Menk’s defence of the iftar, whether he knew it or not, was completely in line with Emirati talking points. “Al Jazeera Arabic gave the function a feisty false title and lied that the idea was to normalize things, when it was definitely a generic open iftar,” Menk said.
The facts present an entirely different picture.
The UAE’s spin
Before Al Jazeera Arabic published its article, both the Israeli government and Emirati authorities used images of Menk and Duchman to project an image of closer ties. Notably, Menk hadn’t protested. It was only once Menk was criticized for being party to an event linked to normalization that he claimed Al-Jazeera Arabic had played foul. In response, Al Jazeera Arabic told Middle East Eye the article “dealt with a public event held in Dubai that has been covered by other media organizations as well, and did not contain any content targeting any person or entity.”
Later, in his interview with me, he said he found it “upsetting that everyone is using it for their own agendas” and that he was a “victim of a photograph and perhaps a form of political jostling among nations and media houses”. But whose fault was that?
Al-Azami commented: “Being hosted by the UAE government in any capacity should be approached with considerable circumspection. Unfortunately, Mufti Menk appears not to have been briefed on these aspects of the UAE’s record – a record that is too well-known to be disregarded.”
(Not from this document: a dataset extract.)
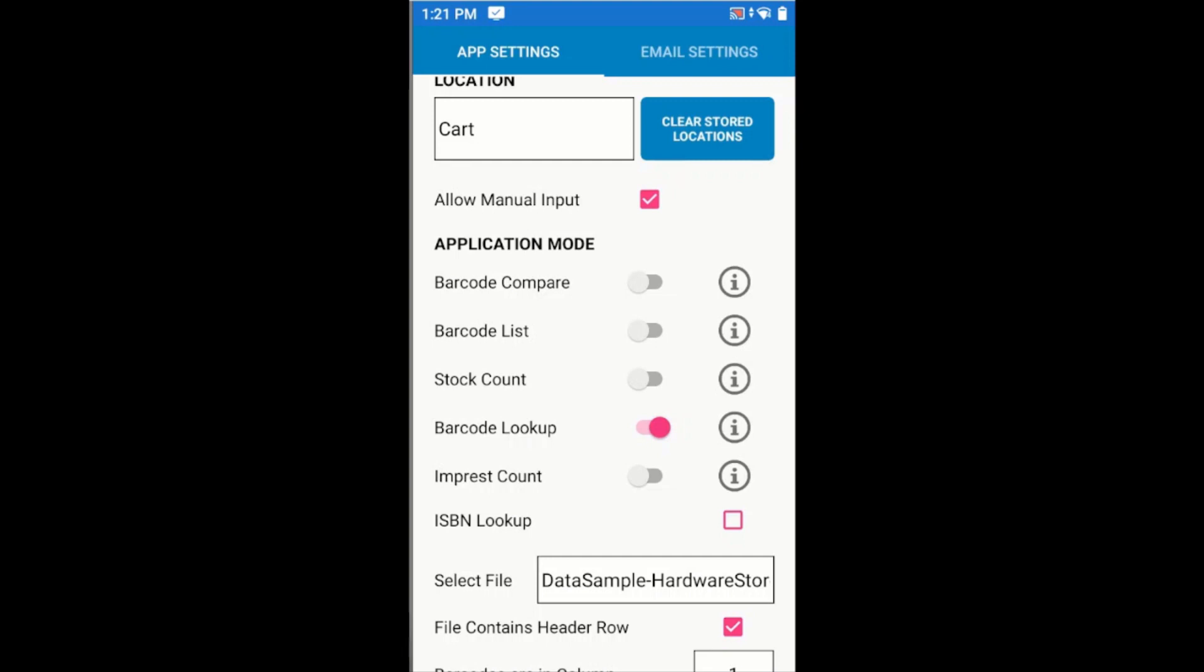You might, for example, be checking stock items as they're being returned to shelves, or using this feature to scan event tickets, or to do some sort of audit on items in an office. Really any application where you need to look up some data but you don't necessarily need to record that data.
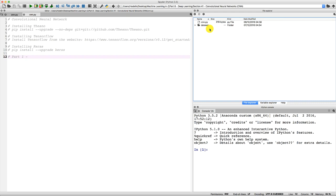That's the first solution but it's not the one we're going to use because we have a better and more efficient one. This better solution comes with Keras. Keras is an amazing library for deep learning and computer vision and it contains some tricks and tools to import images in a very efficient way. To import images with Keras, all we need to do is prepare a special structure for our dataset - and it's a very simple structure as you are about to see.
Did he feel used by the Emiratis? I put this to him. “Intentions are known by Allah,” Menk replied. “As for myself, I don’t think they used me as in for who I am, but rather for what I looked like. The photo showed a Muslim religious person meeting a Jewish religious person. I think the media, including Al Jazeera Arabic, used an image without knowing who exactly I was.”
Menk is a global figure in the so-called larger Muslim world. He shares his thoughts and prayers on a daily basis to some 8.7 million followers on Twitter. It is unlikely that the journalists at Al Jazeera Arabic did not know who he was. But for argument’s sake, let’s imagine they didn’t; it doesn’t change the facts.
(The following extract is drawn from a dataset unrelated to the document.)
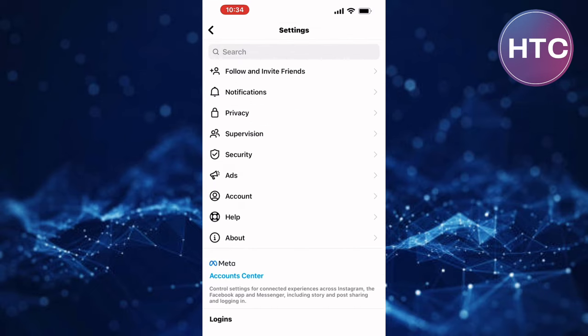You will land on the settings page of your Instagram account. Kindly make sure you follow this tutorial step by step to avoid making any mistakes.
Rabbi Duchman is still the Zionist facilitating normalization between the UAE and Israel. And Menk sitting next to him is immensely problematic, whether he knew it or not. His reasoning that there were people of other faiths present, or that there was no indication of any demonstration of normalization, also doesn’t hold up to scrutiny.
Why else would he say that had he known who Duchman was, or what he represented, he wouldn’t have attended?
In other words, despite his defiance, Menk appears to have realized that Duchman’s presence alone at a state-sponsored event was harmful enough. And that he played a role in lending it some gravitas.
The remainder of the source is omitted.